Weighted Network Analysis of Biologically Relevant Chemical Spaces
Mariko I. Ito, Takaaki Ohnishi

TL;DR
This paper introduces a weighted network approach to analyze biologically relevant chemical spaces, revealing that compounds with extreme bioactivity levels are more strongly interconnected than others.
Contribution
It proposes a novel weighted network method that avoids thresholding, providing new insights into the connectivity related to bioactivity in chemical spaces.
Findings
High or low bioactivity compounds have stronger network connections.
Weighted networks reveal bioactivity relationships without threshold bias.

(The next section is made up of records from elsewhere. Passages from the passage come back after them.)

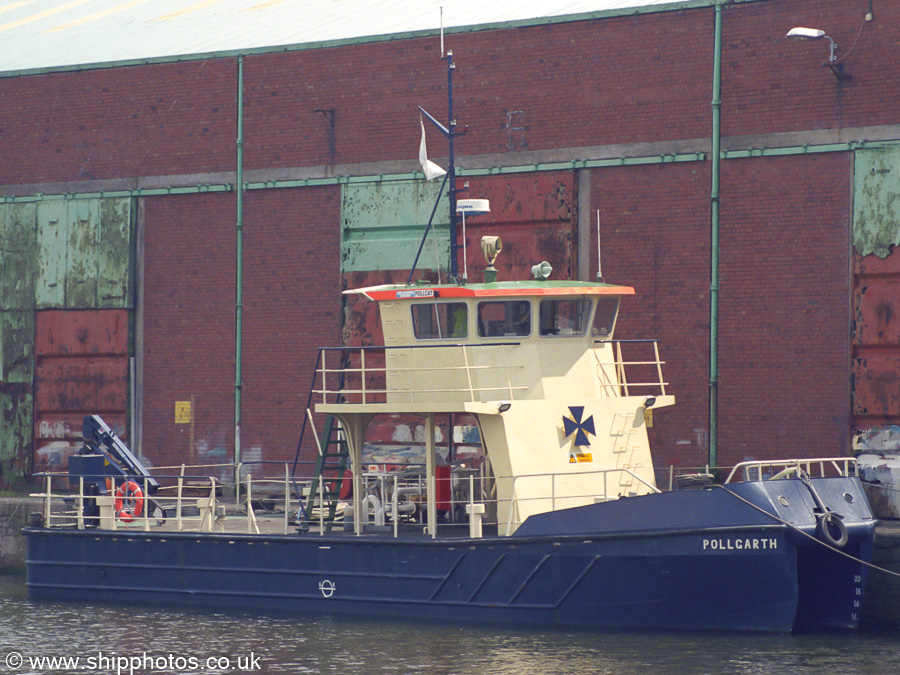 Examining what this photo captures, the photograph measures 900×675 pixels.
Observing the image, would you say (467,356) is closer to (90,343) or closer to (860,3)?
(860,3)

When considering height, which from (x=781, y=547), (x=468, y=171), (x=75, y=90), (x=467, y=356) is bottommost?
(x=781, y=547)

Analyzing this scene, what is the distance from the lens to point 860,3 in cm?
1582

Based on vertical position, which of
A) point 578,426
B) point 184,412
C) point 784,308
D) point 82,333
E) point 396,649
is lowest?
point 396,649

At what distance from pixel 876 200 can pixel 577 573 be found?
674 cm

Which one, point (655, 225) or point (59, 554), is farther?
point (655, 225)

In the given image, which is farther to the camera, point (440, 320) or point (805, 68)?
point (805, 68)

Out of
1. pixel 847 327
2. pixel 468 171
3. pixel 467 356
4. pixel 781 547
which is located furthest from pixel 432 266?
pixel 781 547

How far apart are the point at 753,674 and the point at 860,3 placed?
9125 mm

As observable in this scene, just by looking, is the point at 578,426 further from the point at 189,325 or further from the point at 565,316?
the point at 189,325

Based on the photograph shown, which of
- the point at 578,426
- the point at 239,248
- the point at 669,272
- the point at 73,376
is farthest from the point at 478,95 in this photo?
the point at 73,376

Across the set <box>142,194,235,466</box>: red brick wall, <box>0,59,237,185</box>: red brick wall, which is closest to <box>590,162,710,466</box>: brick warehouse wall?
<box>142,194,235,466</box>: red brick wall

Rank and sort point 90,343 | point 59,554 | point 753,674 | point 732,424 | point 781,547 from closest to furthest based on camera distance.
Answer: point 753,674
point 781,547
point 59,554
point 732,424
point 90,343

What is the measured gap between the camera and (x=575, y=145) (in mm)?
17469

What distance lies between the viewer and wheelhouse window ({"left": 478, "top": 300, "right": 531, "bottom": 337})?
13.6 m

The approach improves understanding of chemical space topology.
Abstract
In cheminformatics, network representations of the space of compounds have been suggested extensively. Among these, the threshold-network consists of nodes representing molecules. In this network representation, two molecules are connected by a link if the Tanimoto coefficient, a similarity measure, between them exceeds a preset threshold. However, the topology of the threshold-network is affected significantly by the preset threshold. In this study, we collected the data of biologically relevant compounds and bioactivities. We defined the weighted network where the weight of each link between the nodes equals the Tanimoto coefficient between the bioactive compounds (nodes) without using the threshold. We investigated the relationship between the strength of the link connection and the bioactivity closeness in the weighted networks. We found that compounds with significantly high or low…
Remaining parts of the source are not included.